Electrical Engineering - Three-Phase Systems in Power Applications - Discussion

I=V/R
2 RESISTORS ARE THERE.
NEUTRAL CURRENT=120/9+120/9==2.66
I THINK THE ANSWER IS C=2.66A

The answer should be 1.88 Amp. The current at any instant (also called as instantenous current) flowing through each phase and through each load ckt. is Inst(1) = 1.33 Amp. This same current at any instant will flow through th neutral wire.

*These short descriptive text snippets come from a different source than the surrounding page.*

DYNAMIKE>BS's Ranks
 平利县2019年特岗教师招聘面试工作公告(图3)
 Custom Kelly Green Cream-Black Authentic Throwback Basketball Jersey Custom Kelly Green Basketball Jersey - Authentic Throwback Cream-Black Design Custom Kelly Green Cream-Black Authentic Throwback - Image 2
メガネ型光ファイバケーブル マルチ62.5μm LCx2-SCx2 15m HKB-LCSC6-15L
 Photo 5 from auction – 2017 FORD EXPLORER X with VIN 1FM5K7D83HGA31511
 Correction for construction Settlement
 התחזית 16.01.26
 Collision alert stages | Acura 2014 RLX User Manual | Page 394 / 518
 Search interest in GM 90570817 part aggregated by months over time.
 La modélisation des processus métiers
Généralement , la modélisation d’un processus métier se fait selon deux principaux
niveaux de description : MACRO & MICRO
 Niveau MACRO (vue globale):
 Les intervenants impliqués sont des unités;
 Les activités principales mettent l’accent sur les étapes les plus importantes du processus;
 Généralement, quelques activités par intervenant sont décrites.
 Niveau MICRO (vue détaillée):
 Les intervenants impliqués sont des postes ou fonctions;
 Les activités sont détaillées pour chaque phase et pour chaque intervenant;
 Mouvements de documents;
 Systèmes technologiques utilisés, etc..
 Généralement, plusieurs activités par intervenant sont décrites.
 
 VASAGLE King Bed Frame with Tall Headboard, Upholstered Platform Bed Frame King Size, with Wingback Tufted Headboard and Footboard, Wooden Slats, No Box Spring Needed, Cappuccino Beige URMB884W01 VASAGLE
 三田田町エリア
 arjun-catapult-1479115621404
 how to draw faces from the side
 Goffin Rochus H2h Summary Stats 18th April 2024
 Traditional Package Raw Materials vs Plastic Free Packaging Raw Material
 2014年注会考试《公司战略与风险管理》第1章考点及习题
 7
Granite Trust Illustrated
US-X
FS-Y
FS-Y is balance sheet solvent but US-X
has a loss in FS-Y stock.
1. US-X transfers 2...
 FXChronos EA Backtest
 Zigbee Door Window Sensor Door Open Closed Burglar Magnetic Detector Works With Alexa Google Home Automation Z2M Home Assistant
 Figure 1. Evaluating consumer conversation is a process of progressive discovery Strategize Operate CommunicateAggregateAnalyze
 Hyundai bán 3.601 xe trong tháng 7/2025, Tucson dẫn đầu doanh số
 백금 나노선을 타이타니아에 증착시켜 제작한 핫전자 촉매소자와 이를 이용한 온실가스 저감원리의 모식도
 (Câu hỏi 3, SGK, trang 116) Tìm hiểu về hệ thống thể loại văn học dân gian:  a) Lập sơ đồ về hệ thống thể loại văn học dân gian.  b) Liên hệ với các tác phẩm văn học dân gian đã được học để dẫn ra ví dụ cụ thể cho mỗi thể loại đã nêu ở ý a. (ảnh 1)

However the current in a.c circuit is expressed in terms of its r.m.s value and the relationship between these currents is Irms = sqrt. 2 * Inst = 1.141 * 1.33 = 1.88 A. Hence the answer should be option B

Give me the formula please.

I think two loading rheostats are there. the current passes through two rheostats.given voltage is 120v(each coil).
v=ir
i=v/r
i=(120/90)+(120/90)=1.33+1.33=2.66 amp.

There are two loads, hence the current passes through both the rheostats.

The given voltage is 120v.

For finding current,

V = IR.

I = V/R.

Hence I = (120/90) + (120/90) = 1.33+1.33 = 2.66 amp.

When the load is balance Zero current flows through the neutral line.since neutral is common to both load.

Here the answer will be 2. 66. The guys saying that for balance load no current follows through the neutral should think that neutral is common here.

The answer will be 2.66 because neutral is the sum of line currents.

Can you give the circuit diagrm?

The answer should be B;

I = 120/90*1.414 = 1.88A since the currents are 90 degrees out of phase
Could also be written as I = 1.33+j1.33(rectangular form) = 1.88A @ 45 degrees(polar form).